> Task description
Look through the records and copy every line in which "from" appears.
** Data under study follows **
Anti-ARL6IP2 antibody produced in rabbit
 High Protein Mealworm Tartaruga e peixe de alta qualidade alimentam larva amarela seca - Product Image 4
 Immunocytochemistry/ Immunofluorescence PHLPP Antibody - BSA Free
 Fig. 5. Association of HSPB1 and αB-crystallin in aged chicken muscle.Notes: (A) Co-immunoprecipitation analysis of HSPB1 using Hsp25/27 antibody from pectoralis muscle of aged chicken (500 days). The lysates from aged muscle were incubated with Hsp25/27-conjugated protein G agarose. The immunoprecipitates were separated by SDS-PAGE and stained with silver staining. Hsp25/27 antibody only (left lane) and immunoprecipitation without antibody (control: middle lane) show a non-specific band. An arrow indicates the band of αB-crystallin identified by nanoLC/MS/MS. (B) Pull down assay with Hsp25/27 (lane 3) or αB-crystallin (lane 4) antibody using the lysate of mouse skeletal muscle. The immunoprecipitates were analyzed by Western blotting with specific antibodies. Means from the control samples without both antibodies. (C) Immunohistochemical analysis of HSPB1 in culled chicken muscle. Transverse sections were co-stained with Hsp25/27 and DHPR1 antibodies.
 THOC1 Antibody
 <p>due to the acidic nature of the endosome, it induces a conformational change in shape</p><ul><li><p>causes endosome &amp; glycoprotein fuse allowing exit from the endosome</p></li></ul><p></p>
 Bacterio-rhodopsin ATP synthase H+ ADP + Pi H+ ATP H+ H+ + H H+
** End of Data under study **
> Result for this exercise
 Fig. 5. Association of HSPB1 and αB-crystallin in aged chicken muscle.Notes: (A) Co-immunoprecipitation analysis of HSPB1 using Hsp25/27 antibody from pectoralis muscle of aged chicken (500 days). The lysates from aged muscle were incubated with Hsp25/27-conjugated protein G agarose. The immunoprecipitates were separated by SDS-PAGE and stained with silver staining. Hsp25/27 antibody only (left lane) and immunoprecipitation without antibody (control: middle lane) show a non-specific band. An arrow indicates the band of αB-crystallin identified by nanoLC/MS/MS. (B) Pull down assay with Hsp25/27 (lane 3) or αB-crystallin (lane 4) antibody using the lysate of mouse skeletal muscle. The immunoprecipitates were analyzed by Western blotting with specific antibodies. Means from the control samples without both antibodies. (C) Immunohistochemical analysis of HSPB1 in culled chicken muscle. Transverse sections were co-stained with Hsp25/27 and DHPR1 antibodies.
 <p>due to the acidic nature of the endosome, it induces a conformational change in shape</p><ul><li><p>causes endosome &amp; glycoprotein fuse allowing exit from the endosome</p></li></ul><p></p>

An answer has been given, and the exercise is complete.